La estrategia describe el "Corolario de Trump" al principio de Monroe de que las potencias europeas no tienen ninguna injerecia en los negocios en las Américas.
El Corolario de Trump afirma un derecho estadounidense a "restaurar la preeminencia estadounidense en el hemisferio occidental" y a negar a los "competidores no hemisferios", es decir, China, "la capacidad de posicionar fuerzas u otras capacidades amenazantes, o de poseer o controlar activos estratégicamente vitales".
¿Qué activos vitales? Trump explicó el sábado que Estados Unidos debe tener acceso a las reservas de petróleo de Venezuela, las más grandes del mundo. Trump estaba abriendo crudo venezolano solo para empresas estadounidenses, algunas propiedad u operadas por sus partidarios. (Dijo que esperaba seguir vendiendo crudo a China, que se lleva la mayor parte de la mísera producción de Venezuela).
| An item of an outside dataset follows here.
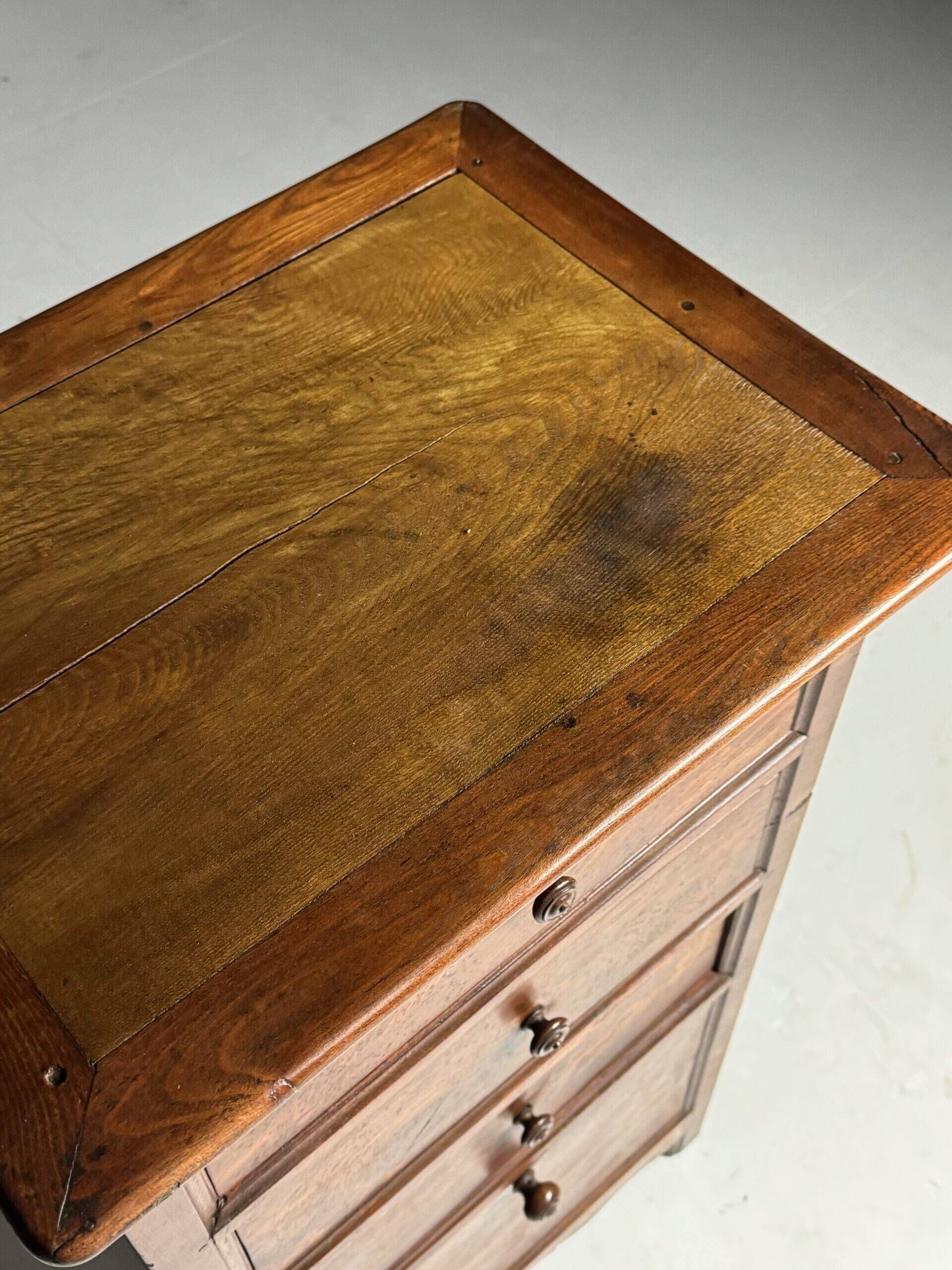 Country antique chest of drawers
No tiene una estrategia global; Trump no ha dicho si, si reclama el hemisferio occidental, China es libre de hacer lo mismo en Asia.
El presidente nunca habló de restaurar la democracia en Venezuela como un objetivo estadounidense, a pesar de que el país tenía una tradición de décadas de elecciones libres hasta que Hugo Chávez tomó el poder en 1999.
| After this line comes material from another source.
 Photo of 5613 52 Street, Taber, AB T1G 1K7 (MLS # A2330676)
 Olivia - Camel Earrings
La promoción de la democracia recibe poca atención en el documento que la Casa Blanca publicó en noviembre. (Un diplomático exiliado, Edmundo González, es ampliamente considerado el ganador de las elecciones de 2024 del país. Dice que es el presidente legítimo. Trump no lo ha mencionado.)
Un nuevo contexto
Cuando Monroe ideó su doctrina hace dos siglos, Estados Unidos era una nación de aproximadamente 10 millones de personas. Su Armada estaba limitada a unas pocas docenas de barcos, tripulados por unos 3.500 marineros y 500 oficiales, aproximadamente una quinta parte del tamaño de la fuerza que el Pentágono acumuló en Venezuela para expulsar a Maduro.
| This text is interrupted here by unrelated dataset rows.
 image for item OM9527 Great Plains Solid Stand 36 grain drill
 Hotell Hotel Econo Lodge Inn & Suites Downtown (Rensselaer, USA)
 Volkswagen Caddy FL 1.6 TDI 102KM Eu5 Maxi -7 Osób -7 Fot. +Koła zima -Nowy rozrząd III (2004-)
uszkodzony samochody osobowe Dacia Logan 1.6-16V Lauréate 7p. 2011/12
Los países latinoamericanos estaban sacudiendo a sus dueños distantes, España y Portugal. A Monroe le preocupaba que las potencias europeas buscaran volver a convertirlas en colonias.
Aquí está la lógica del fin de semana pasado: Trump puede reclamar recursos sin los que, en su opinión, Estados Unidos no puede vivir.
Ya está estableciendo un argumento paralelo para Groenlandia, que puede tener minerales de tierras raras sustanciales. "Necesitamos Groenlandia desde el punto de vista de la seguridad nacional", dijo a los periodistas en Air Force One anoche. "Groenlandia está cubierta de barcos rusos y chinos por todas partes".
¿A qué precio?
Será costoso restaurar el sistema petrolero de Venezuela. "La infraestructura está podrida, oxidada", dijo Trump ayer. Pero las etiquetas de precio inmediatas pueden no importarle.
Venezuela, Groenlandia, tal vez Canadá: Estos son legados que, con el tiempo, se pagarán por sí mismos, él cree.
Para más
El Secretario de Estado, Marco Rubio, dijo que Estados Unidos no planeaban "dirigar" a Venezuela, sino que lo haría para coacer al nuevo liderazgo a tener políticas favorables. Trump lo contradijo más tarde, diciendo: "Estamos a cargo".
La lideresa interina de Venezuela, Delcy Rodríguez, pareció suavizar su tono hacia los Estados Unidos. "Extendemos una invitación al gobierno de los Estados Unidos para que trabajen juntos en una agenda cooperativa", dijo anoche.
Trump amenazó a Colombia, que dijo que estaba "dirigida por un hombre enfermo", y muchos cubanos se preguntan si su nación insular es la siguiente.
Los funcionarios dijeron a The Times que el hábito de Maduro de bailar al discutir las amenazas de Trump llevó a la Casa Blanca a seguir adelante con la invasión.
Para la izquierda latinoamericana, la incursión confirmó que Estados Unidos explota a sus vecinos del sur por sus recursos, escribe el corresponsal del Times Jack Nicas. Para la derecha, los acontecimientos levantaron la esperanza de que Venezuela podría realizar su potencial económico.
Rubio ha dicho que Estados Unidos mantendrá su "cuarentena" militar en las exportaciones de petróleo de Venezuela, pero los petroleros están evadiendo el bloqueo.
La acción de Trump sobre Venezuela ha abierto una brecha dentro del movimiento MAGA.
*Corresponsal del New York Times especialista en política exterior.